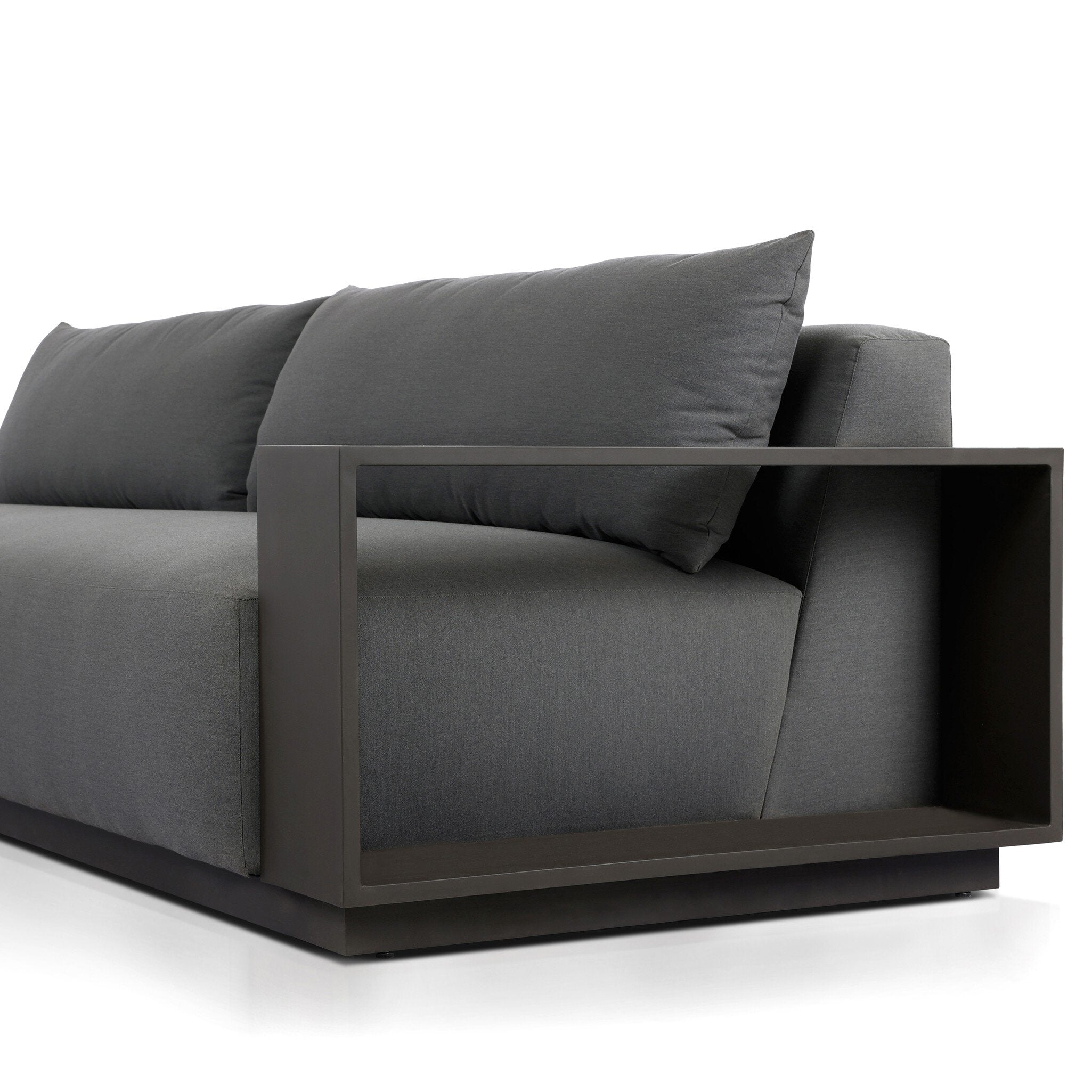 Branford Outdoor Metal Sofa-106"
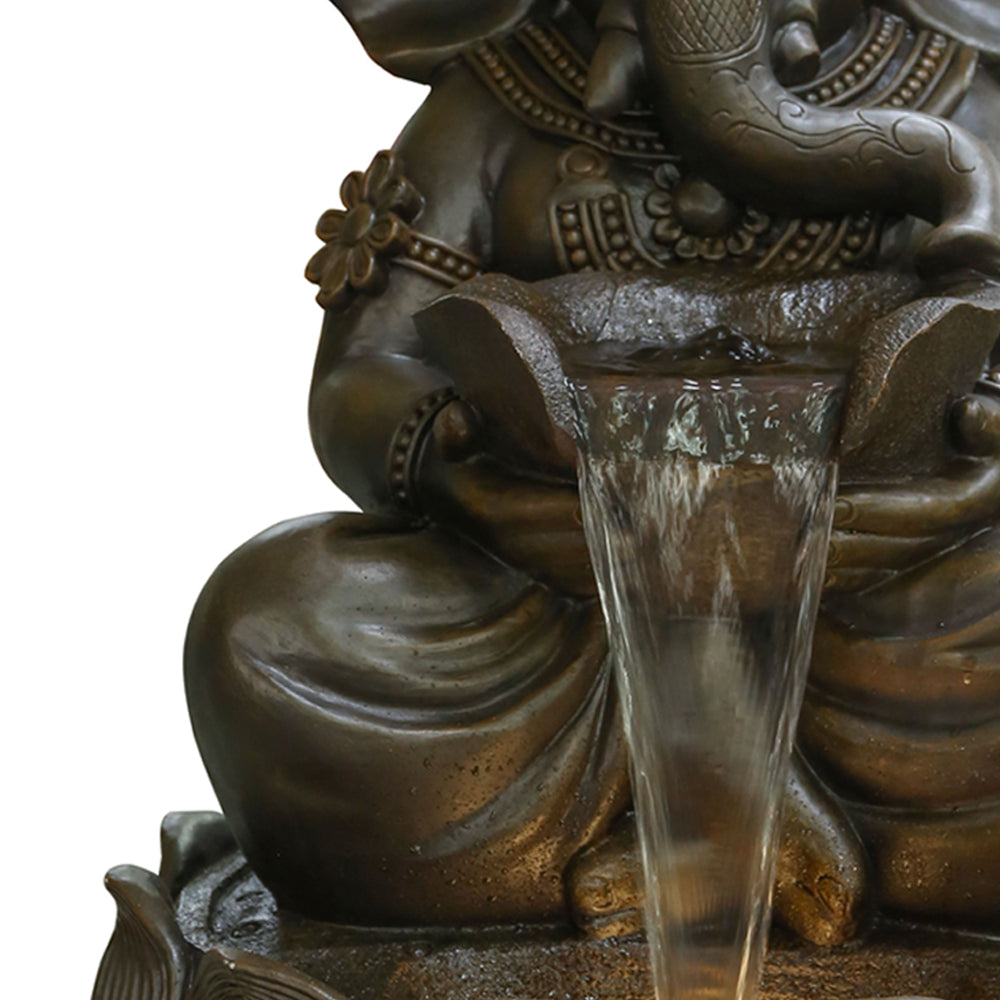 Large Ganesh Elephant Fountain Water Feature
———
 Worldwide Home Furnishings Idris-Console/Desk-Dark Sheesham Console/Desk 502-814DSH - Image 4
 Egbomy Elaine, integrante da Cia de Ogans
———
WHAT NEEDS TO BE DONE :: Transcribe, word for word, the stretch of lines in the data above from the one with "Branford Outdoor Metal" through the one with "Large Ganesh Elephant Fountain Water Feature"; omit all pictures.

SOLVED EXERCISE ::
 Branford Outdoor Metal Sofa-106"
 Large Ganesh Elephant Fountain Water Feature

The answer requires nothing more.